Professor Sourav Chatterjee recently published a new coefficient of correlation called XICOR (refs: JASA, R package, Arxiv, Hacker News, and a Python package (different author)).
The basic formula (in the tie-free case) is:
- Take X and Y as n-vectors of observations of random variable.
- Compute the ranks r(i) of the Y observations.
- Sort the data tuples (X(1), Y(1), r(1)), … (X(n), Y(n), r(n)) such that X(1) ≤ … X(n).
- Compute XICOR := 1 – 3 sum(i=1, n-1) |r(i+1) – r(i)| / (n^2 – 1).

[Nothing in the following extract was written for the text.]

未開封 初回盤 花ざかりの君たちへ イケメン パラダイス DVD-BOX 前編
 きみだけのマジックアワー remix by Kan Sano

At first glance, the formula may seem odd. The papers spend most of their time studying the large data/asymptotic foundations of the formula, and applying it to data. Why the formula is “surface sensible” is simple math, well known to statisticians. Let’s spend some time expanding this step here.
What XICOR is Doing
Y = f(X) case
First what is XICOR doing? The basic idea is: if Y is a monotone function of X then |r(i+1) – r(i)| ≤ 1. This is because if if Y is a monotone function of X then moving up one rank in X either increases Y’s rank by 1 (if Y is an increasing function of X), or decreases Y’s rank by 1 (if is a decreasing function of X), or (if Y rank ties are handled in a given way) is zero (if Y is not changing).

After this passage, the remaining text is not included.